ドコモから発売されたモバイルWi-Fiルータでは、HW-01Fが5GHz帯のWi-Fiをサポートしていたものの、IEEE 802.11acには非対応となっていたため、同規格に対応するモバイルWi-Fiルータは今回発表された両モデルが初めてとなる。
Wi-Fi側で5GHz帯が利用可能となることで、2.4GHz帯を利用した際よりも通信がより高速に行えるようになるのは、モバイルネットワーク側の通信速度アップと比べれば地味ではあるけれど嬉しいところ。
■端末サイズは共に大型化/バッテリ容量や重量が前モデル比で増加
L-01GおよびHW-02Gは、バッテリサイズや重量が前モデルと比較して増加している。例えばバッテリ容量は
L-02F 3,600mAh ⇒ L-01G 4,880mAh
HW-01F 1,780mAh ⇒ HW-02G 2,400mAh
と、両モデル共にバッテリ容量が約35%アップしている。
当然ながら、バッテリ容量が大きくサイズが大きくなることで重量も増しており、L-01Gでは約195g、HW-02Gでは約156gと、スマートフォンを1台持つのと変わらない(かそれ以上)の重さになってしまっている。
特に、HW-01Fは前モデルが比較的コンパクトかつ軽量なモバイルWi-Fiルータであっただけに、LGとHuaweiの両方が揃って大型化してしまうのは残念に思う。
続いて、端末ごとの特長と考察。
L-01G:国際ローミングはTD-LTEにも対応/クレードルは非対応に
LG製の『L-01G』は、前モデルのL-02Fと同様に『バッテリが大容量で連続通信時間が長い』という方向性のモバイルWi-Fiルータで、4,880mAhのバッテリはドコモのモバイルWi-Fiルータ史上最大容量。

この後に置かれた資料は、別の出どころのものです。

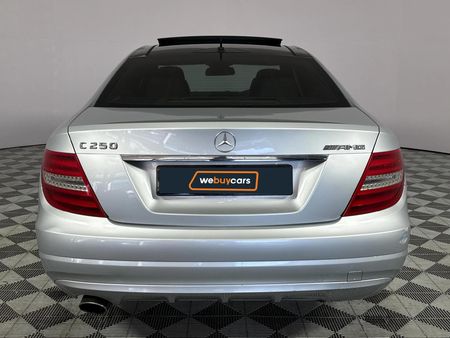 2013-Mercedes-Benz-C-Class-C-250-BE-Coupe-Auto_14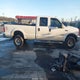 1FTSW31F21EB65600 2001 Ford F-350 Lariat/Xl/Xlt auction photo thumbnail 13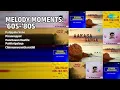 Lagu Retro Melody Moments |  C. A. Anto Songs | Pulippalu Veno | Pirannappol | Panchavan Kaatile
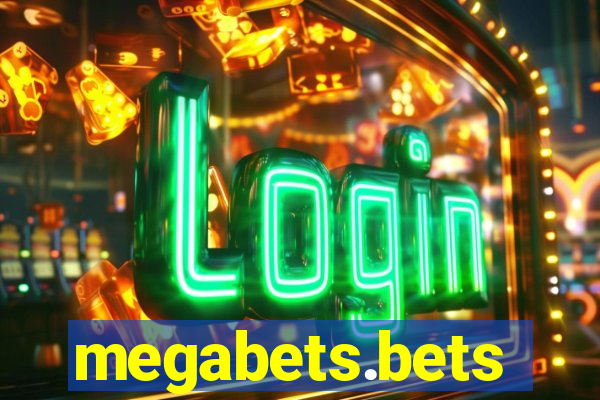 megabets.bets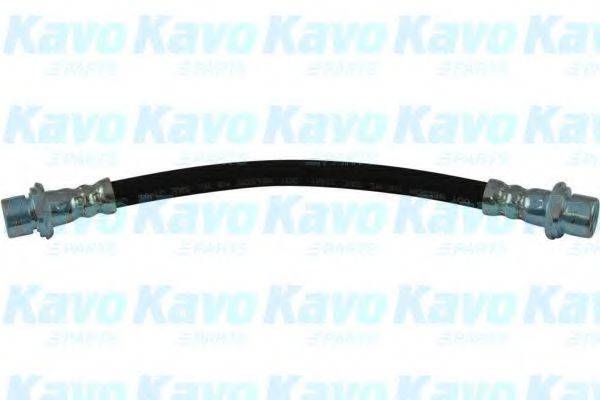 KAVO PARTS BBH-9193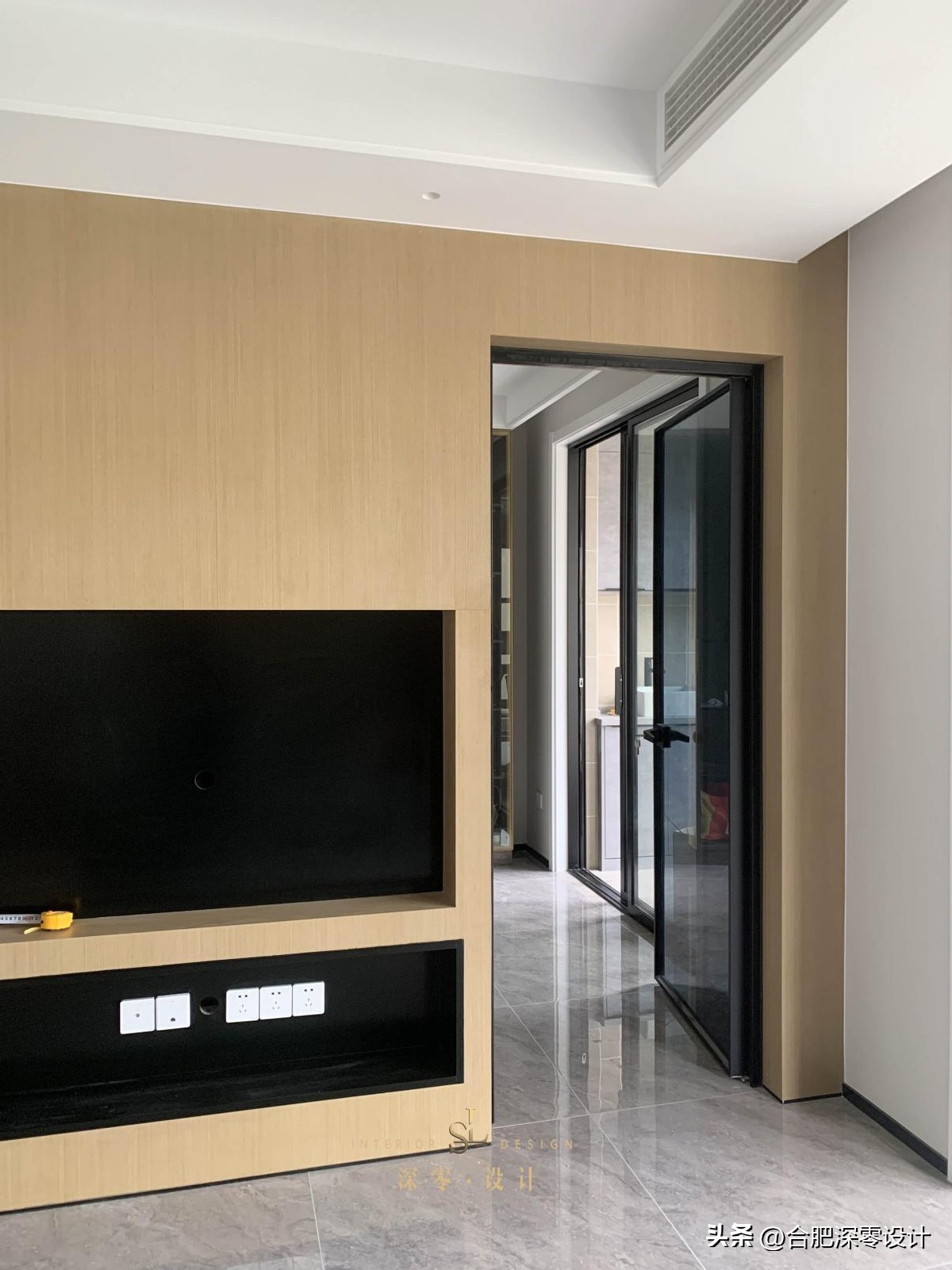 次卧太小怎么装修实用,小次卧怎么装修便宜好看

前モデルでは対応していたクレードルとの連携には非対応となってしまったものの、Wi-Fi側がIEEE802.11acに対応している他、TD-LTEの2600MHz帯(Band 38)にも対応しており、国際ローミングでは中国の一部エリアなどでTD-LTEが利用可能。
L-02FおよびHW-01Fなど、LTE国際ローミングに対応しているドコモのモバイルWi-Fiルータは、SIMロックを解除(税別3,000円)して使うと、ドコモ以外のSIMカードを入れてもLTE通信が利用可能となるため、L-01GのTD-LTEについてもSIMロックを解除して使えば、ドコモ以外のSIMカードを入れてもTD-LTEの2600MHz帯は利用可能と思われる。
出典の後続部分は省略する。